A Brief Discussion on the .NET String HashCode

  • Updated on 9th Sep 2022

In the scenario of distributed caching, for a large number of caches (where the key is usually a string) that need to be evenly distributed across multiple (let’s assume N) server nodes, a more mainstream approach is the modulo algorithm: Hash(key) % N, which means: perform a hash operation on the key and then take the modulo with N. This is also known as the consistent hashing algorithm. Since it is not related to the main topic of this article, I will write another piece to discuss it further.

However, in .NET, the GetHashCode method of the string itself results in different return values when GetHashCode is run twice on the same string value. Here is an excerpt from the official documentation explaining this:

If two string objects are equal, the GetHashCode method returns identical values. However, there is not a unique hash code value for each unique string value. Different strings can return the same hash code.

The hash code itself is not guaranteed to be stable. Hash codes for identical strings can differ across .NET implementations, across .NET versions, and across .NET platforms (such as 32-bit and 64-bit) for a single version of .NET. In some cases, they can even differ by application domain. This implies that two subsequent runs of the same program may return different hash codes.

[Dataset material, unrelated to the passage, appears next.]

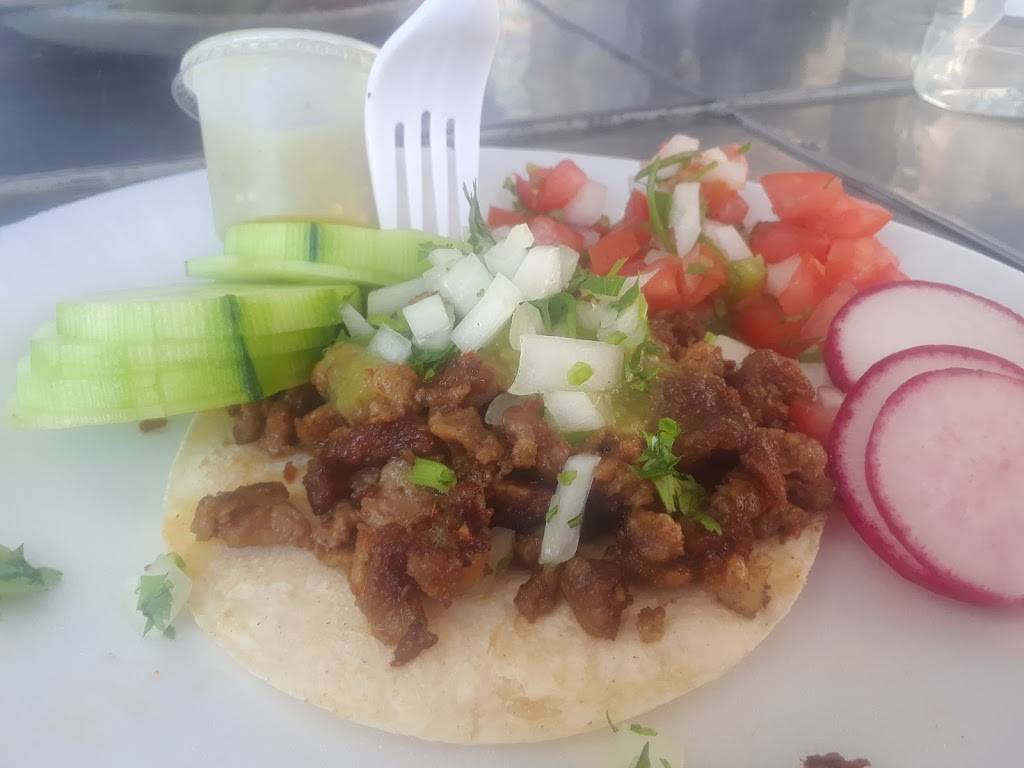 VIP Hot Dogs | restaurant | 883 E Pico Blvd, Los Angeles, CA 90021, USA | 3236299042 OR +1 323-629-9042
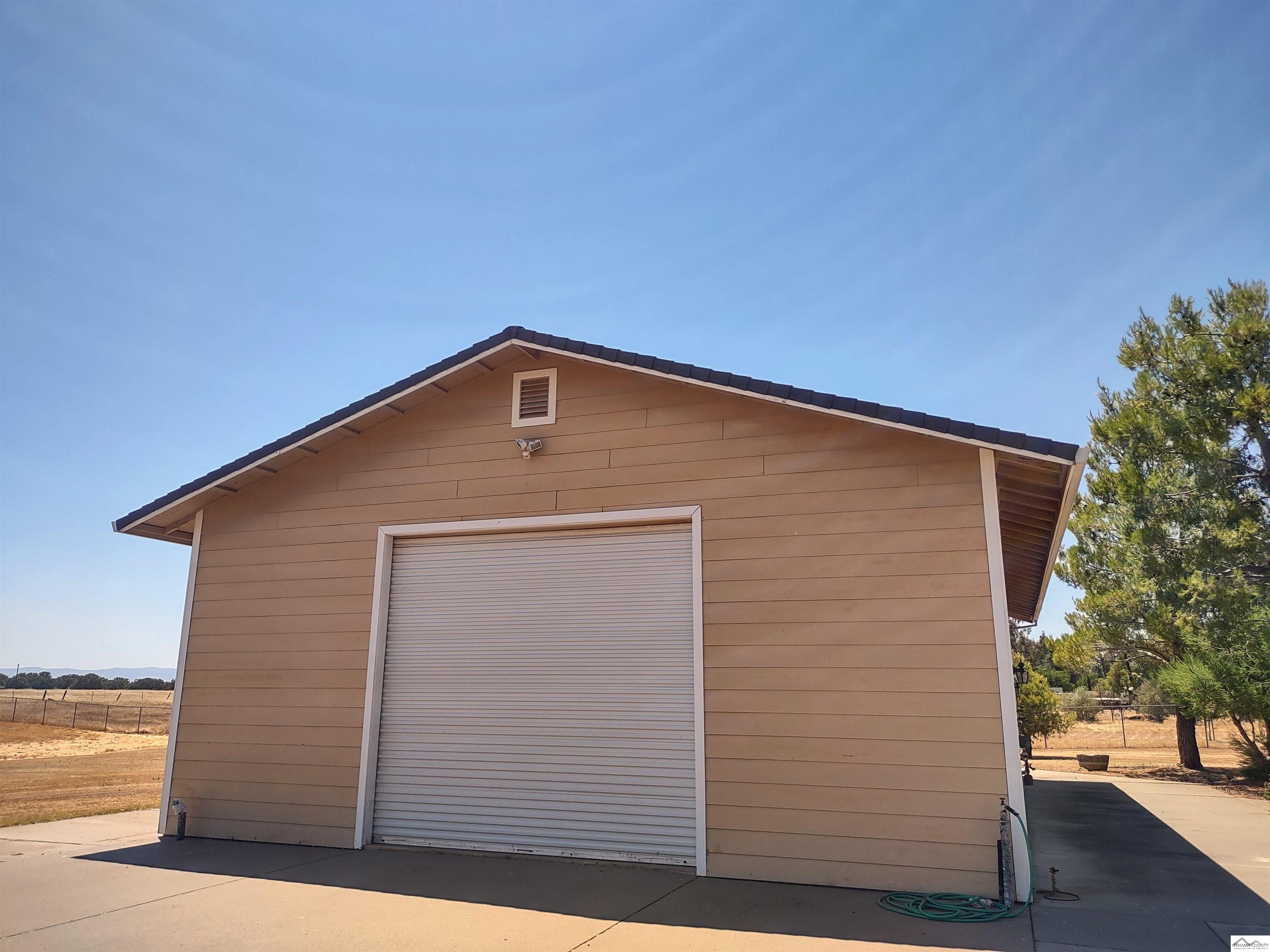 19235 Ridge Road Red Bluff, CA 96080 - Photo 11 of 29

As a result, hash codes should never be used outside of the application domain in which they were created, they should never be used as key fields in a collection, and they should never be persisted.

Since consistent hashing requires that the same string value has the same hash code, the GetHashCode method of the String itself does not meet the requirements of consistent hashing for cache keys.

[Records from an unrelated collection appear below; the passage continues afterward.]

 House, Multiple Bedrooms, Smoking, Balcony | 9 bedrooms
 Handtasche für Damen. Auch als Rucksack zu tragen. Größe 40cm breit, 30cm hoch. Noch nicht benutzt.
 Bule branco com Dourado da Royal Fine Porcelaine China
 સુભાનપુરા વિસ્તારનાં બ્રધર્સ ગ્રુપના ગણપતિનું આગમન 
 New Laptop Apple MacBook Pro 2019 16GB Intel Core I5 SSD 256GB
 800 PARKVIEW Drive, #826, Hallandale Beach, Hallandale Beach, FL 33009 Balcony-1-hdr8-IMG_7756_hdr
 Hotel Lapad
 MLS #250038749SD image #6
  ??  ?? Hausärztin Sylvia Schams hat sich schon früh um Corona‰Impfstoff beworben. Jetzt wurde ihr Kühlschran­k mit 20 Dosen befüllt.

In Java, the hash code for the same string value is consistent; you can refer to its algorithm description to implement the same method in .NET. According to the Java documentation, the hash code algorithm for a String object is as follows:

s[0]*31^(n-1) + s[1]*31^(n-2) + ... + s[n-1]

Based on integer operations, where s[i] is the ASCII value of the i-th character in the string, n is the length of the string, and ^ denotes exponentiation.

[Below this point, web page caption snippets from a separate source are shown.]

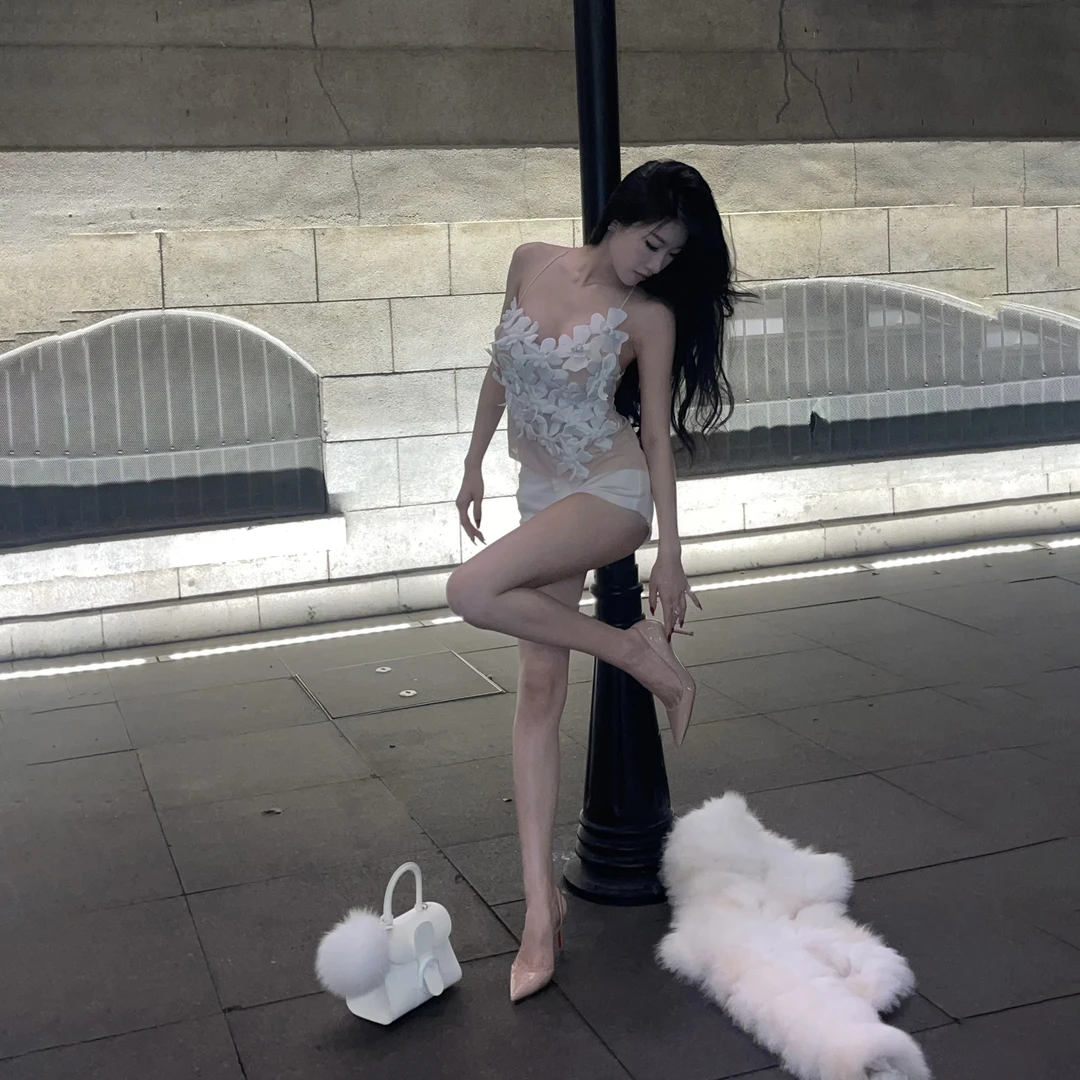 迈沃格纯欲风显瘦轻熟风法式背心辣妹风打底复古夏季修身型吊带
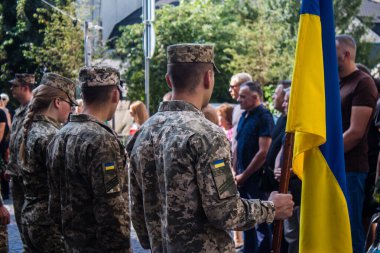 Lviv, Ukrayna, 31 Ağustos 2024 askeri cenaze töreni Lviv 'deki Aziz Havariler Kilisesi' nde, Rus ordusuna karşı savaşta ölen Azov askeri için..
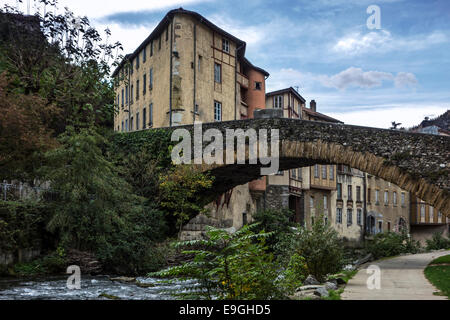 Die mittelalterliche Steinbrücke Pont Saint-Martin über den Fluss La Gère in der Stadt Vienne, Rhône-Alpes, Isère, Frankreich Stockfoto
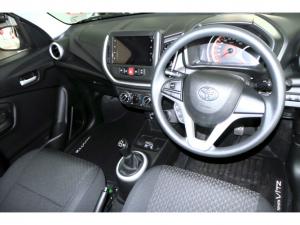 Toyota Vitz 1.0 XR manual - Image 7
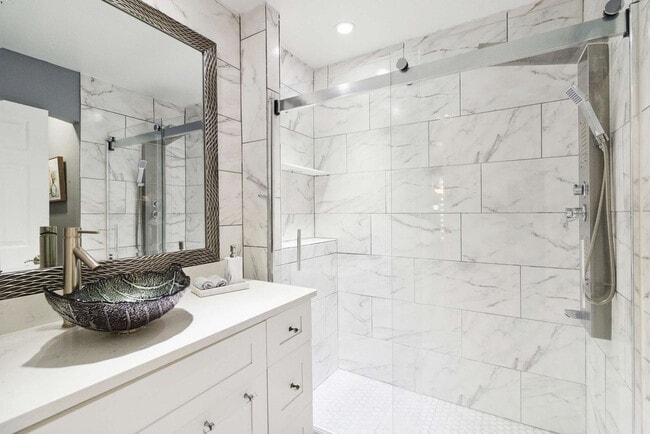 Building Photo - 4931 Dunmore Ln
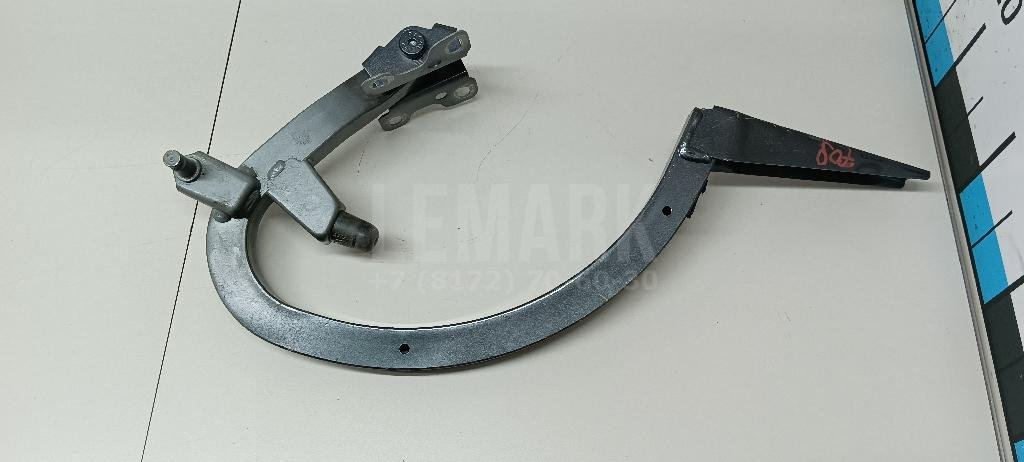 Петля крышки багажника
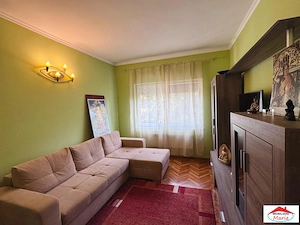 Apartament 3 camere semicentral etaj 2 - imagine 4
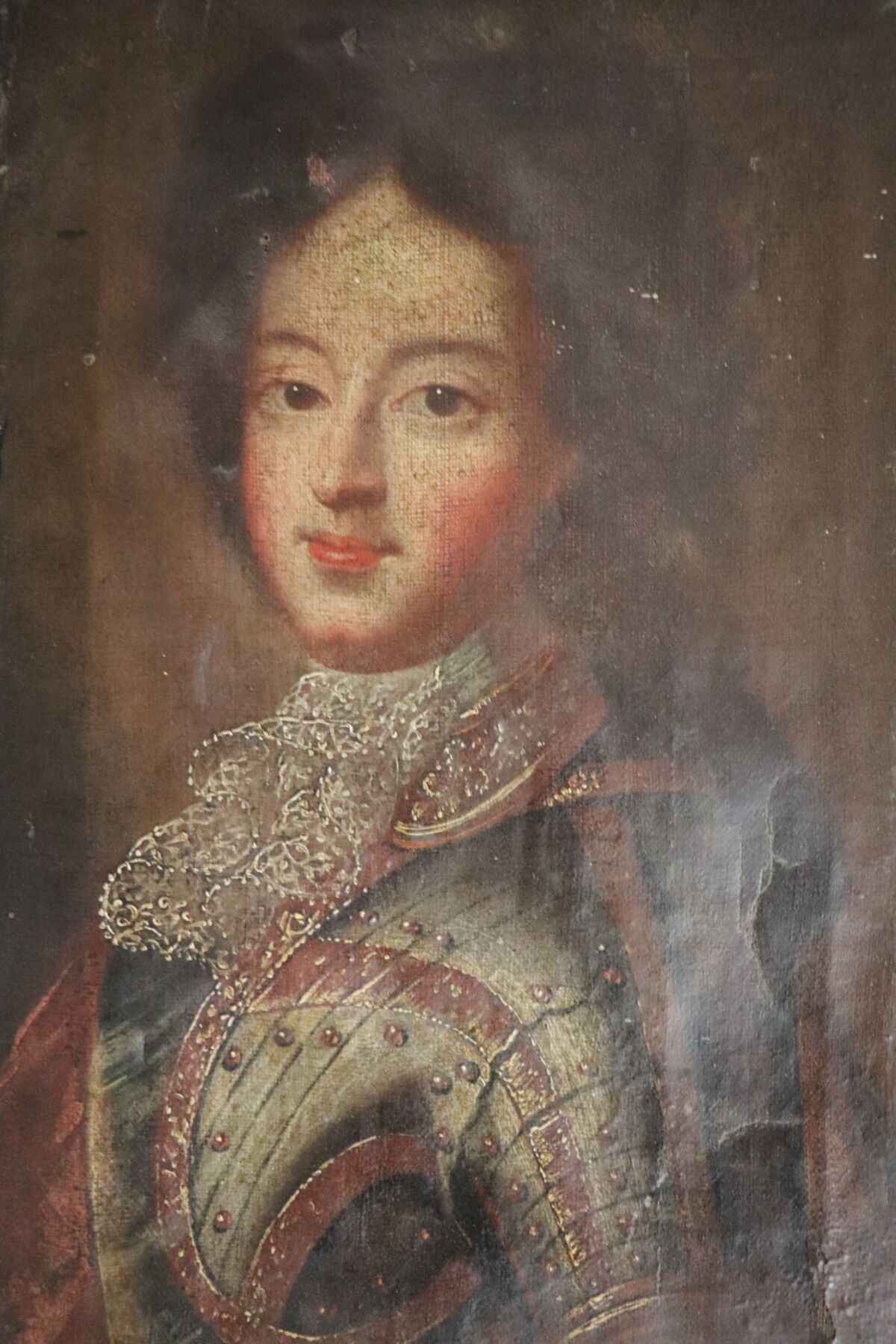 Null 十八世纪初的法国画派。 
路易十五的肖像。
布面油画。
高_39,1厘米L_24,8厘米，上部有小块缺损。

Why use 31 as the multiplier? Since the goal is to choose a larger prime number, why not 29, 37, or even 97?

Below is a highly upvoted answer from StackOverflow for the question:

The value 31 was chosen because it is an odd prime. If it were even and the multiplication overflowed, information would be lost, as multiplication by 2 is equivalent to shifting. The advantage of using a prime is less clear, but it is traditional. A nice property of 31 is that the multiplication can be replaced by a shift and a subtraction for better performance: 31 * i == (i << 5) - i. Modern VMs do this sort of optimization automatically.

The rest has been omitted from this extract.